-- WHAT IS REQUIRED --
Print this span of the material below exactly: the line with "Apocalypsis, Paño III", the line with "VNP sẽ là công", and every line between them, but nothing else.

-- RECORDS --
┏━━

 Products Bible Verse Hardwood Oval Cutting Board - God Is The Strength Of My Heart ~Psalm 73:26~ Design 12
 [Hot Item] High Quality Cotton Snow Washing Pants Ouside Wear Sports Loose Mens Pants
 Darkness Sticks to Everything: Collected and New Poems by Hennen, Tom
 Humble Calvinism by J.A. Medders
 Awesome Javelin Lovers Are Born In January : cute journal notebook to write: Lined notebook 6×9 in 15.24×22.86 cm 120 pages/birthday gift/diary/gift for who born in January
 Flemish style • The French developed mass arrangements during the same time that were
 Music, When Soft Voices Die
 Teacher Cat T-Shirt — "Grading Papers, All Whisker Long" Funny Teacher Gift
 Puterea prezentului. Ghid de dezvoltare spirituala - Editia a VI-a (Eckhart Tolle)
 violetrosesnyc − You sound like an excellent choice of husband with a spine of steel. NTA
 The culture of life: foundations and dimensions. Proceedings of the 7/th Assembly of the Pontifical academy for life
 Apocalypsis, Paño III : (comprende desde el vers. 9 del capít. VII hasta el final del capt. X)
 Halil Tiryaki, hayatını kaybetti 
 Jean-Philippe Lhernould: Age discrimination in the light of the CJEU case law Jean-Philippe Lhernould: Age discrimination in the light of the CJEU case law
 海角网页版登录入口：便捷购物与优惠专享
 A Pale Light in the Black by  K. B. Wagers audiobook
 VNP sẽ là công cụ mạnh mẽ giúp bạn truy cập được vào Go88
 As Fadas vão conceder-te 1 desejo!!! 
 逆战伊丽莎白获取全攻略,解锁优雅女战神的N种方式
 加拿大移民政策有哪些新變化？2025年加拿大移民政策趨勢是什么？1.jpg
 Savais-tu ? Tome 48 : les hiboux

┗━━

-- PROBLEM SOLUTION --
 Apocalypsis, Paño III : (comprende desde el vers. 9 del capít. VII hasta el final del capt. X)
 Halil Tiryaki, hayatını kaybetti 
 Jean-Philippe Lhernould: Age discrimination in the light of the CJEU case law Jean-Philippe Lhernould: Age discrimination in the light of the CJEU case law
 海角网页版登录入口：便捷购物与优惠专享
 A Pale Light in the Black by  K. B. Wagers audiobook
 VNP sẽ là công cụ mạnh mẽ giúp bạn truy cập được vào Go88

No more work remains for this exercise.